- [Exercise description]: Every line from the one bearing "Greenburry Vintage City rugzak leer 25 cm" through the last line of the records below is to be output exactly, and no other line; leave out the pictures.

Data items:
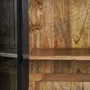 Bookshelves - Modular display cabinet in mango wood off black colour in 218x42x113 - VICAL
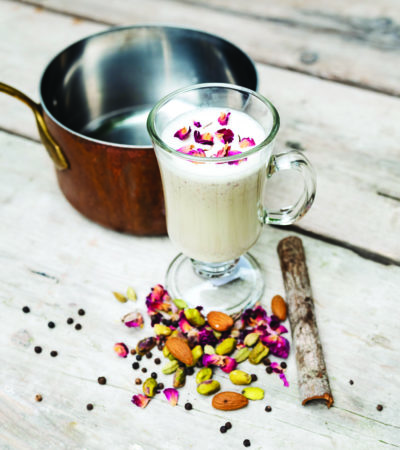 chia spiced tiger nut milk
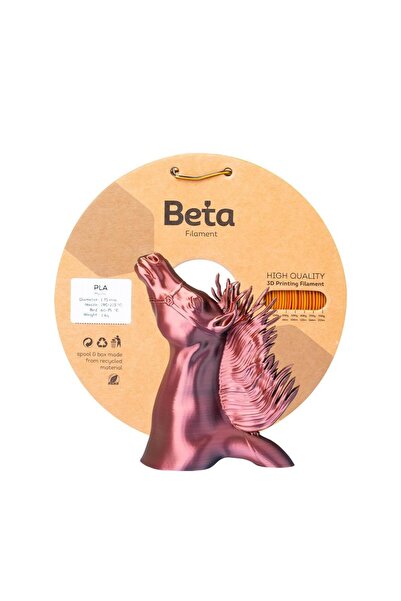 Beta Filament Beta PLA-Mystic Silk Filament Red Gold Black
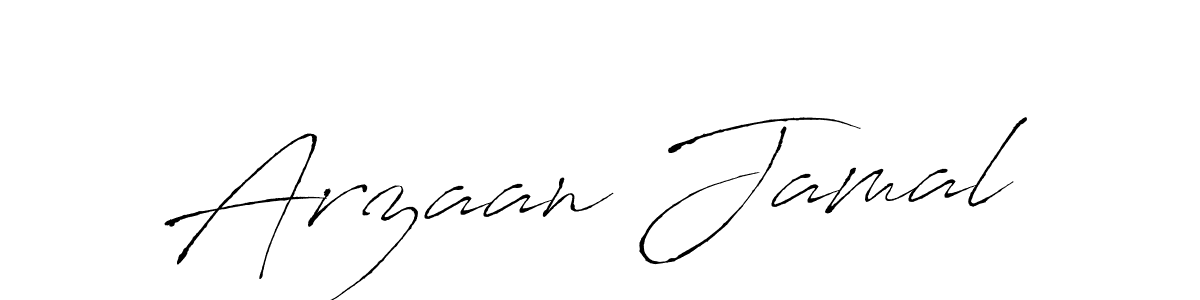 Make a beautiful signature design for name Arzaan Jamal. With this signature (Antro_Vectra) style, you can create a handwritten signature for free. Arzaan Jamal signature style 6 images and pictures png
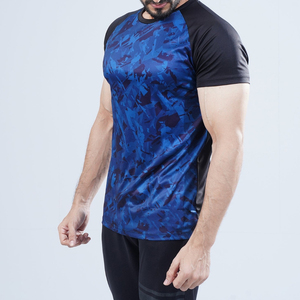 T-shirt de sport personnalisé pour homme – Haute performance, entraînement fitness, vêtement de sport athlétique, respirant, séchage rapide, léger, anti-humidité - Product Image 2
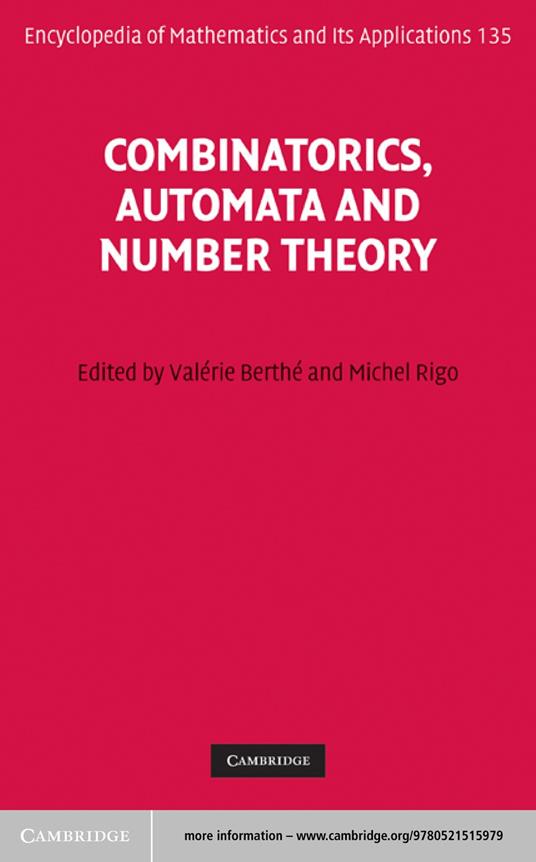 Combinatorics, Automata and Number Theory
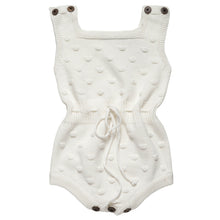 Load image into Gallery viewer, PACK OF 3 BLUE, DUSKY PINK&amp; WHITE COTTON KNIT ROMPERS
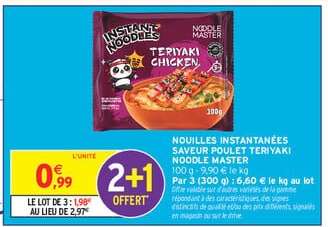 Nouilles Instantanées Saveur Poulet Teriyaki Noodle Master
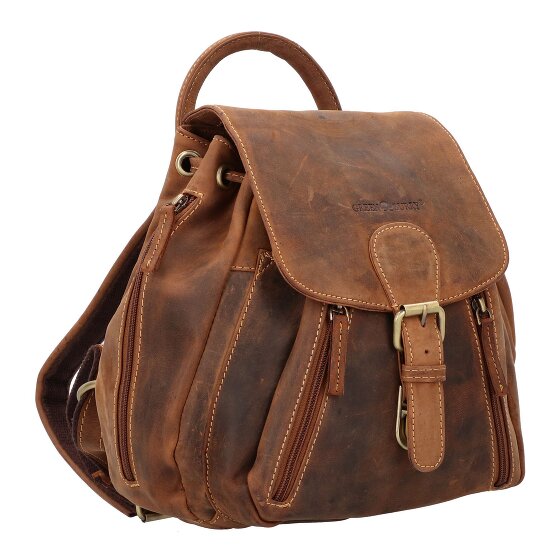 Greenburry Vintage City rugzak leer 25 cm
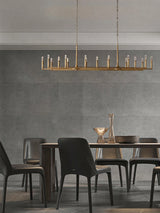 Retro American Old Tree Of 18th Century Copper Crystal LED Chandelier Lustre Suspension Luminaire Lampen For Living Room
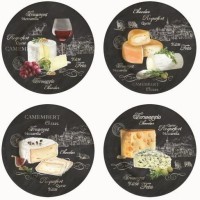 EASY LIFE SET CETIRI TANJIRA WORLD OF CHEESE 19cm 
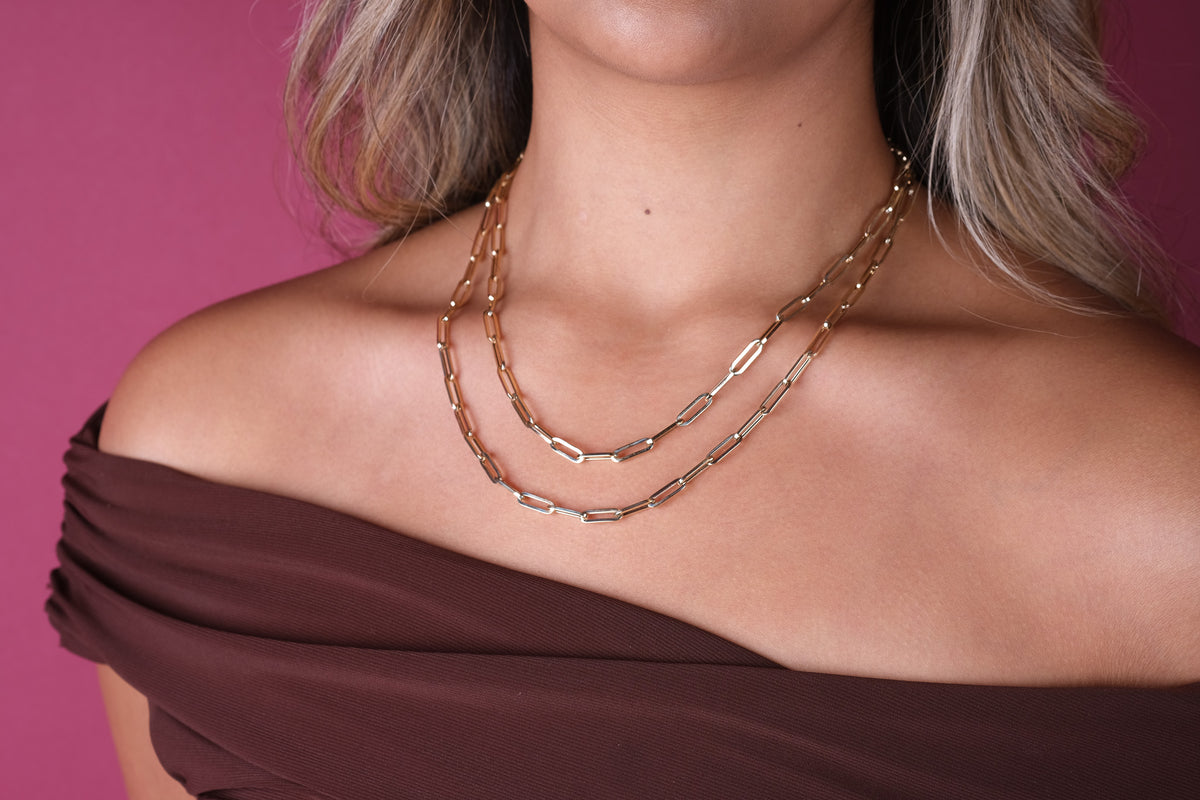 10K Gold Paperclip Chain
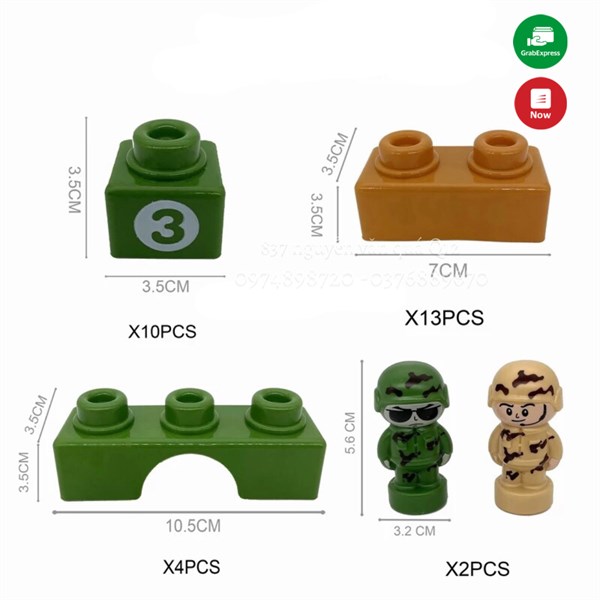 Túi đồ chơi lego xếp hình khối QS xanh rêu cho bé MÃ SP (DÀNH CHO NHÓM) 8899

- [Answer space]:
 Greenburry Vintage City rugzak leer 25 cm
 Retro American Old Tree Of 18th Century Copper Crystal LED Chandelier Lustre Suspension Luminaire Lampen For Living Room
 EASY LIFE SET CETIRI TANJIRA WORLD OF CHEESE 19cm 
 10K Gold Paperclip Chain
 Túi đồ chơi lego xếp hình khối QS xanh rêu cho bé MÃ SP (DÀNH CHO NHÓM) 8899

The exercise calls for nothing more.